■ **YOUR ASSIGNMENT**:
The data below is to be written out exactly, with no pictures.

::: COLLECTED DATA :::

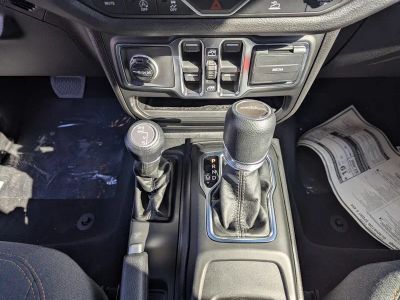 2026 Jeep Gladiator — photo 15 view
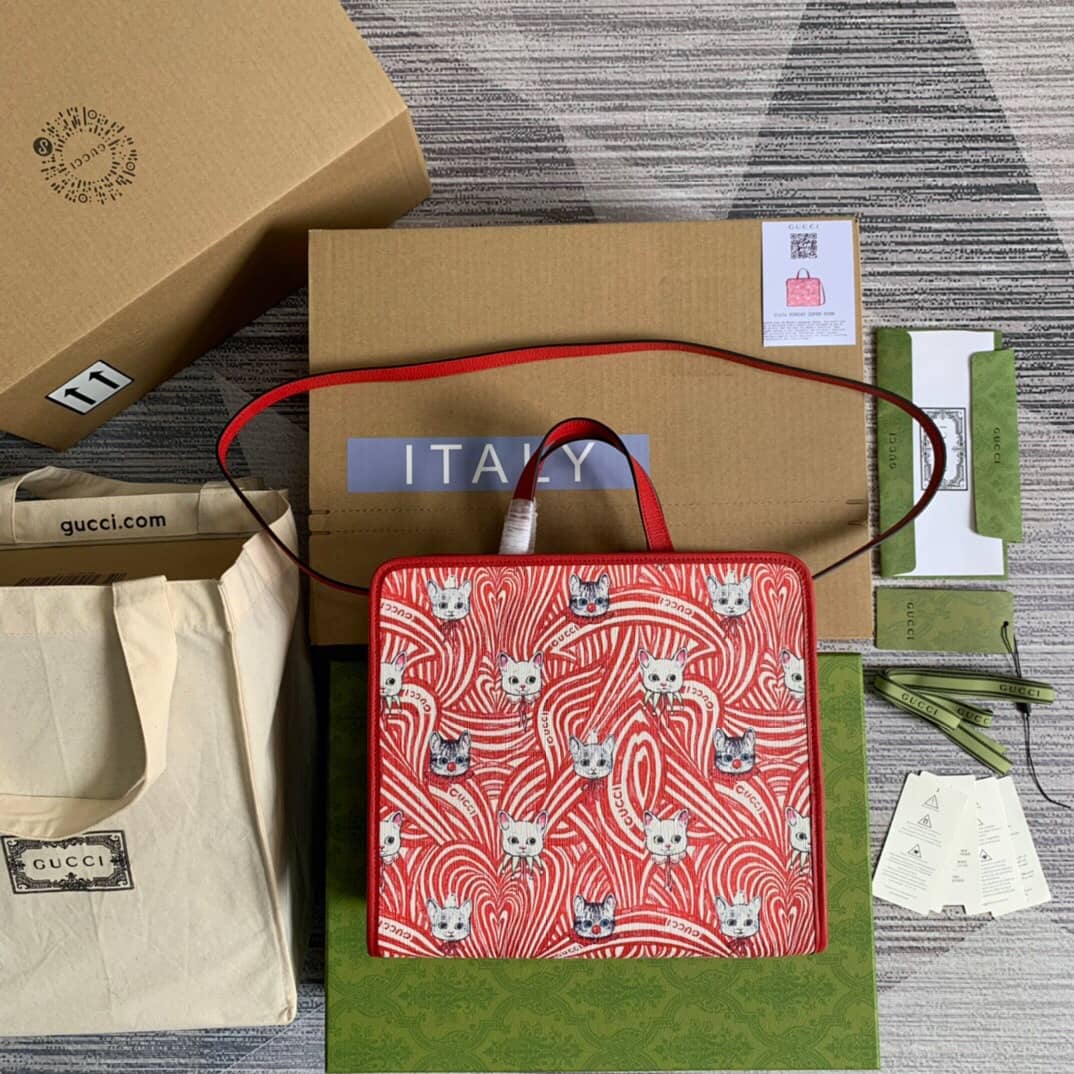 Gvc*1 Svp*me Canvas Children Yuko Higuchi Tote Replica Red 630542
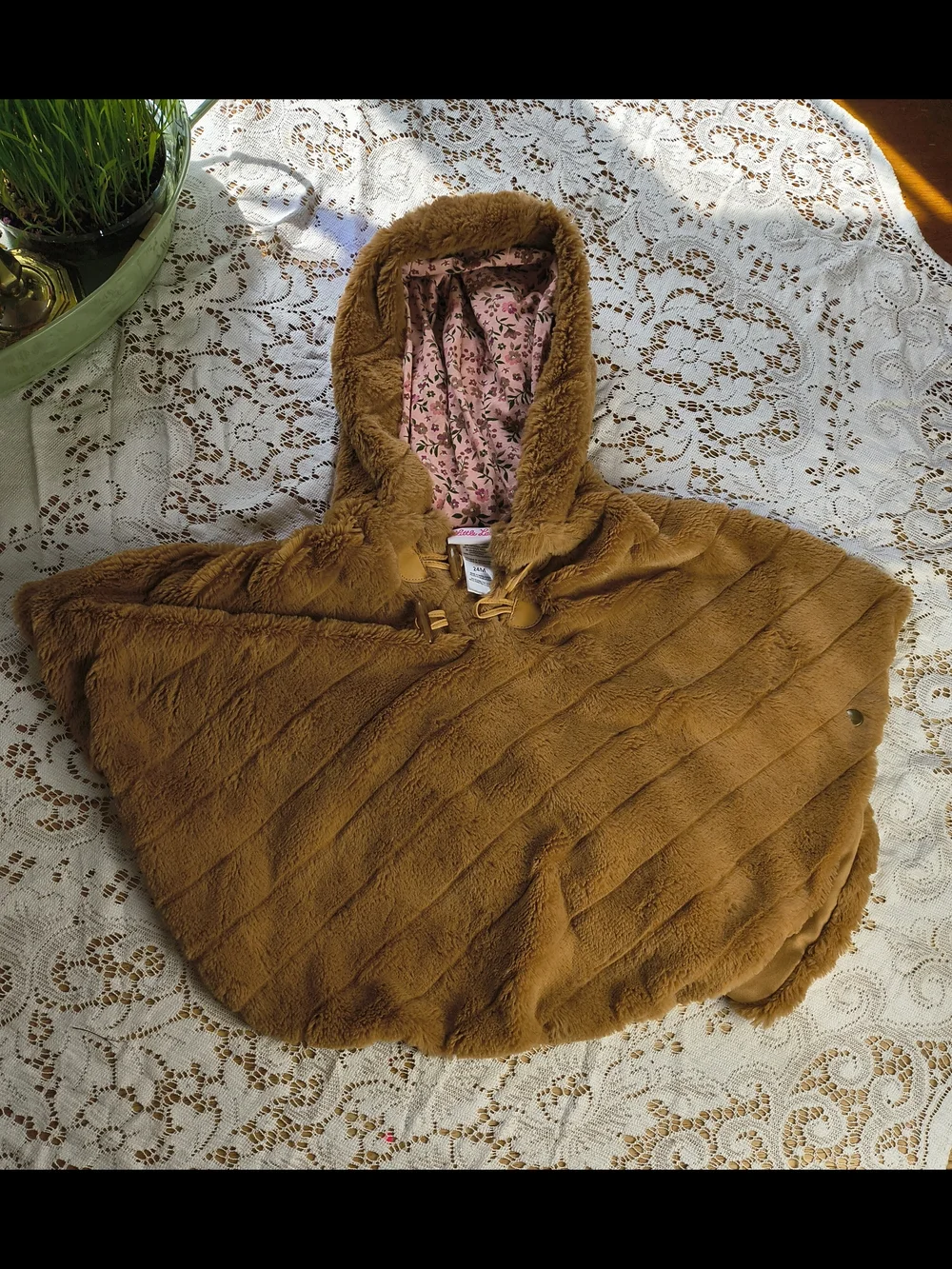 Matching set plush hooded poncho with long sleeve top and pink floral leggings - Picture 4 of 12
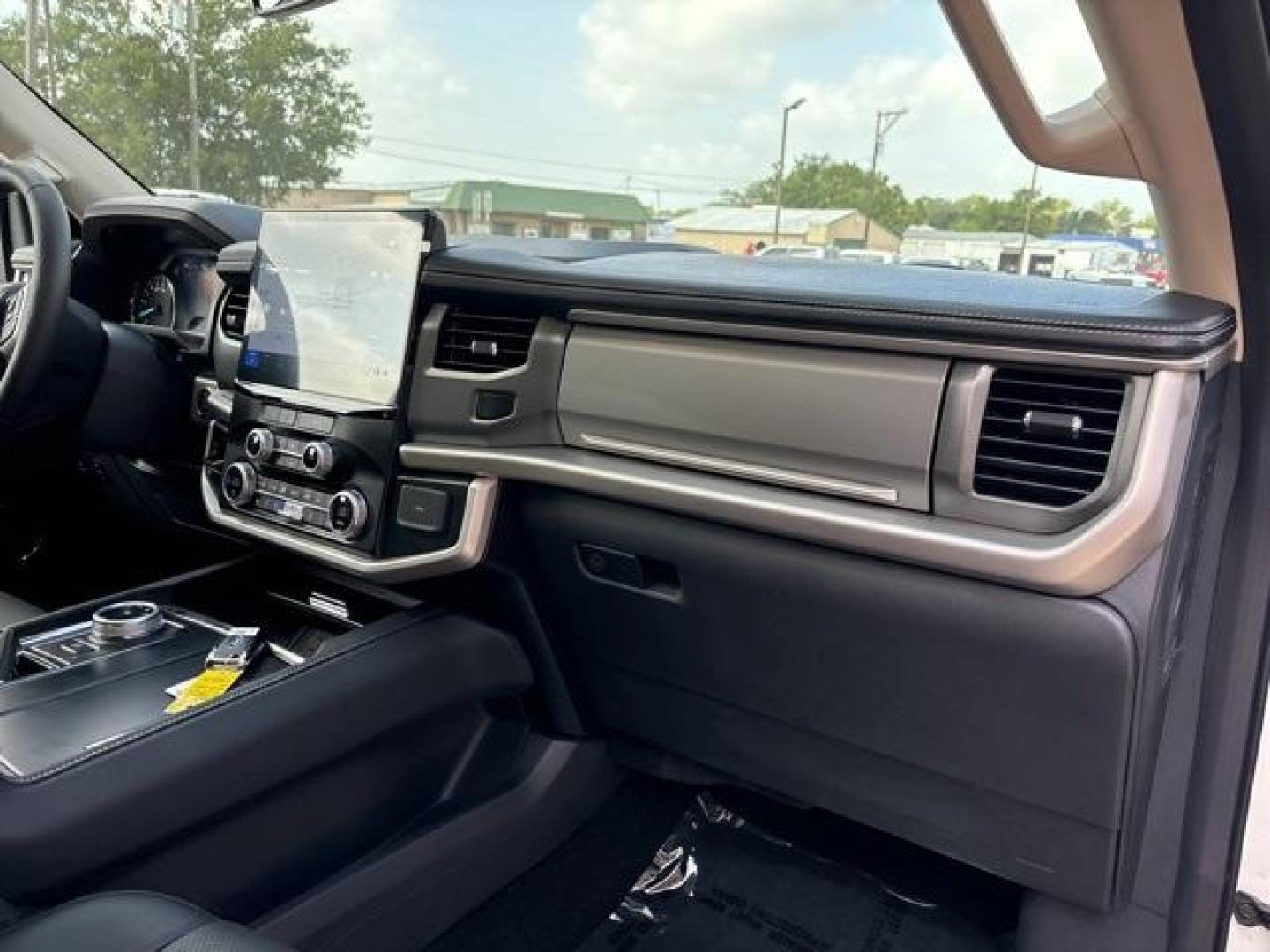 2024 Star White Metallic Tri-Coat /Black Onyx Ford Expedition XLT (1FMJU1H87RE) with an EcoBoost 3.5L V6 GTDi DOHC 24V Twin Turbocharged engine, Automatic transmission, located at 1105 E Mulberry, Kaufman, TX, 75142, (972) 962-2151, 32.589550, -96.300926 - Star White Metallic Tri-Coat 2024 Ford Expedition 4D Sport Utility XLT RWD 10-Speed Automatic EcoBoost 3.5L V6 GTDi DOHC 24V Twin Turbocharged<br><br><br>Please call Paul Murrey Ford Inc. In Kaufman Texas A Family Dealership Since 1952 Serving the Dallas Fort Worth and East Texas areas for over 70 y - Photo#21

:::

■ **REPLY TO THE EXERCISE**:
 2026 Jeep Gladiator — photo 15 view
 Gvc*1 Svp*me Canvas Children Yuko Higuchi Tote Replica Red 630542
 Matching set plush hooded poncho with long sleeve top and pink floral leggings - Picture 4 of 12
 2024 Star White Metallic Tri-Coat /Black Onyx Ford Expedition XLT (1FMJU1H87RE) with an EcoBoost 3.5L V6 GTDi DOHC 24V Twin Turbocharged engine, Automatic transmission, located at 1105 E Mulberry, Kaufman, TX, 75142, (972) 962-2151, 32.589550, -96.300926 - Star White Metallic Tri-Coat 2024 Ford Expedition 4D Sport Utility XLT RWD 10-Speed Automatic EcoBoost 3.5L V6 GTDi DOHC 24V Twin Turbocharged<br><br><br>Please call Paul Murrey Ford Inc. In Kaufman Texas A Family Dealership Since 1952 Serving the Dallas Fort Worth and East Texas areas for over 70 y - Photo#21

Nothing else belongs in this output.